__Problem statement__
Emit a verbatim copy of the lines below from the line with "USB - LAN (4-0501)" through the line with "Laden Sie das", excluding pictures and everything outside that range.

--- Data to use Enclosed Below ---

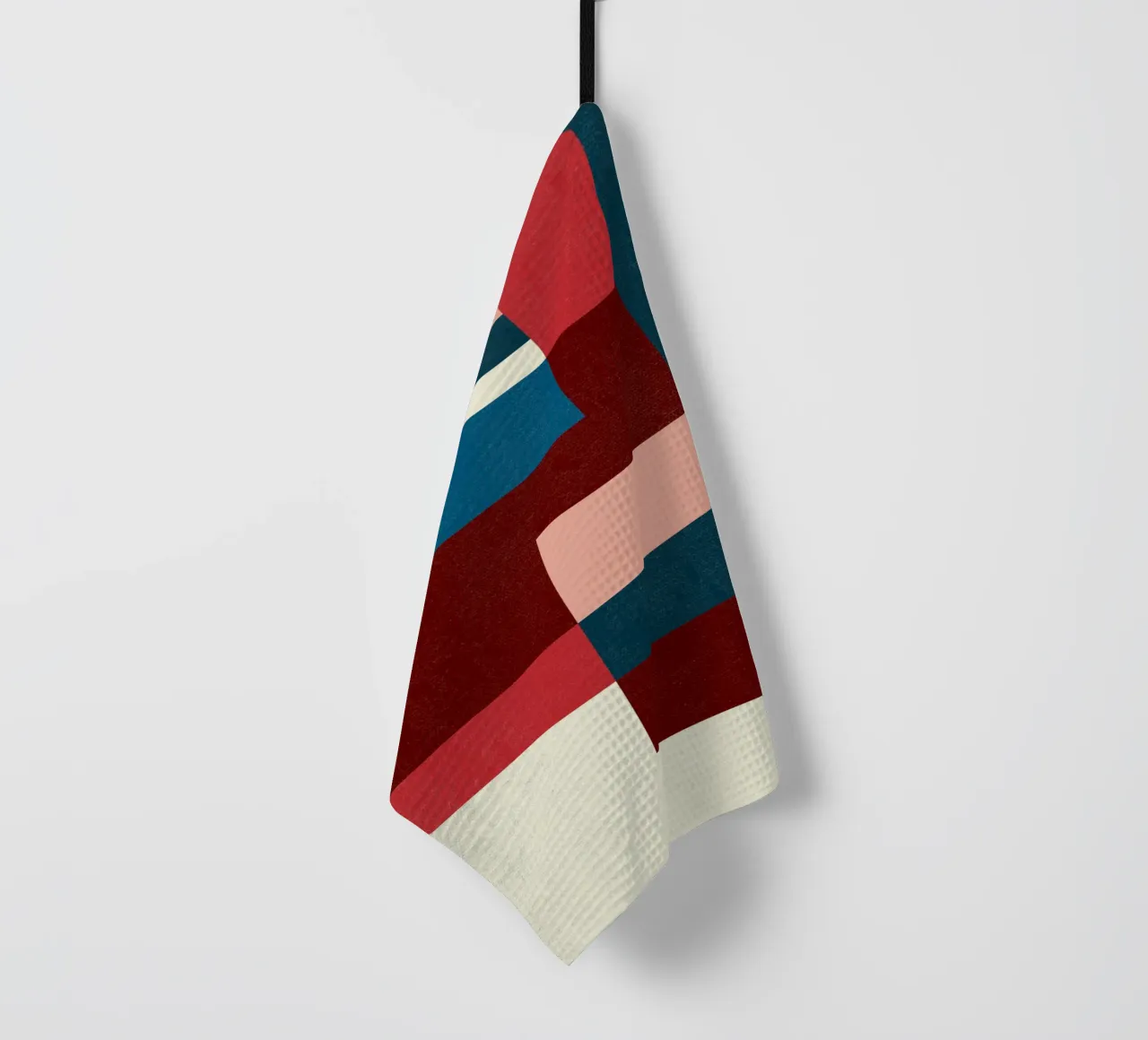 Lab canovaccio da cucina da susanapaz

--- End of Enclosed Data to use ---
--- Data to use Enclosed Below ---

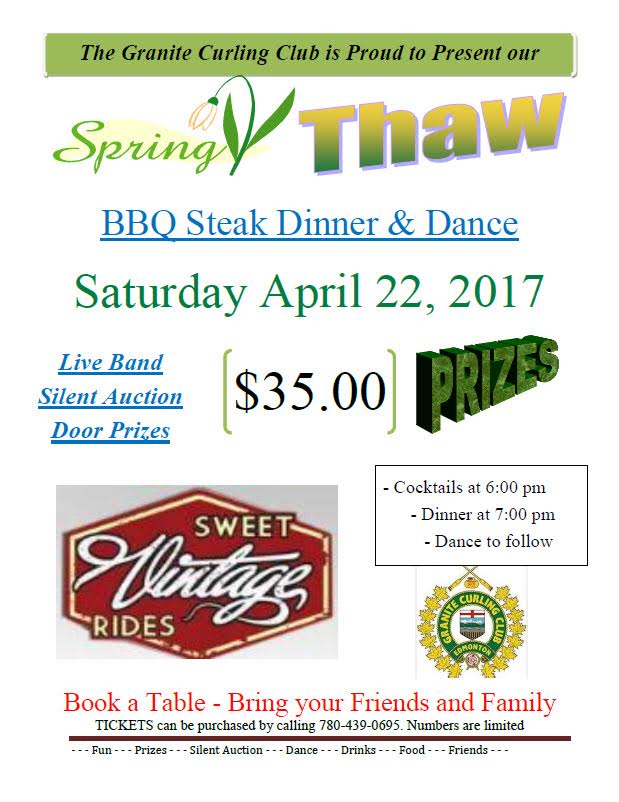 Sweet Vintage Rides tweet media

--- End of Enclosed Data to use ---
--- Data to use Enclosed Below ---

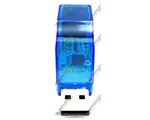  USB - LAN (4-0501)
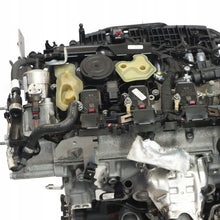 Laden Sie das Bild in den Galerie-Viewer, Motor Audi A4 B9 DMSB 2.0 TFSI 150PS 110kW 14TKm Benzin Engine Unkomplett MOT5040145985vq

--- End of Enclosed Data to use ---

__Written response__
  USB - LAN (4-0501)
 Laden Sie das Bild in den Galerie-Viewer, Motor Audi A4 B9 DMSB 2.0 TFSI 150PS 110kW 14TKm Benzin Engine Unkomplett MOT5040145985vq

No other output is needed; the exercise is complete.